So we went to Charlotte last weekend for the Taste of Charlotte festival. Although the festival itself was not exactly what we imagined it to be, I really did enjoy the city. It has a very unique vibe to it and I enjoyed the architecture there. We also visited the UNCC campus and their architecture school is smaller but WAY WAY nicer facility-wise (A beautiful hall for pin-ups and they provide students with their own chairs?! blasphemers!). The city is very progressive, very green, and reminded me of a mix between Chicago, Philly, and Portland only with more new architecture and more money invested into it. They had a few vintage shops and lots of thrift stores, but it still seems like a city that is in the growing stage. I imagine that unless they create an urban growth boundary in the next few years, it will probably become like Atlanta since it is such a hub.
If I do move to Charlotte in the next few years (i.e. if I can transfer into their bArch program or mArch program) , I really think I want to own my own business and support myself that way. I have always had this silly idea of owning a clothing store that is multi-use, as in maybe crafts this time around.
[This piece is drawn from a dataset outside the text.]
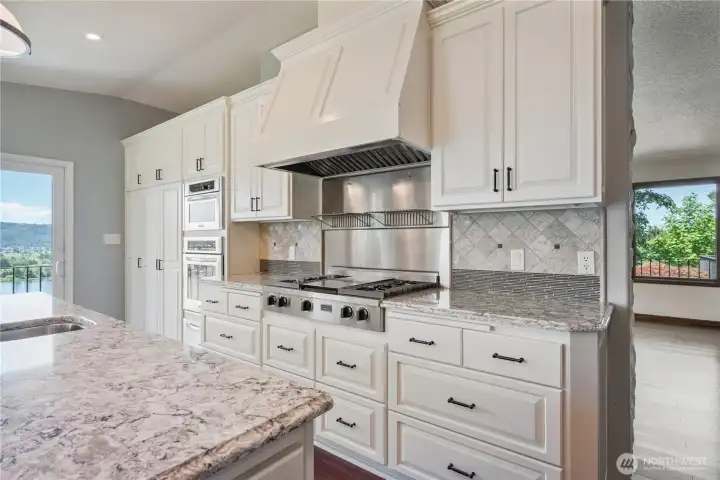 Gourmet kitchen offers abundant custom cabinetry, quartz countertops, & high end SS appliances, and more river views.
I used to own a cafe that was a vintage clothing/venue/record shop and I really miss that, despite the amount of work and the amount of things I failed miserably with. There's something wonderful about owning your own business. I find time and time again that I always come back to that because to be the creative director of a project is something I love very much, but often I undermine my confidence and everything I do seems to fall short of what I hope it will be. Does this happen to all entrepreneurs?
But regardless, Charlotte has given me some hope. I feel as if my ambition is coming back. I think it is a gift that I have had the ability to do so many things in my life and live so many places, and hopefully when and if I do pick up and go off somewhere else, it will be more suitable to who I am and where I need to be in my life. That may sound selfish, but I think that until I am true to myself and what I am made of, I will probably not be happy with any situation I am in that is less than ideal.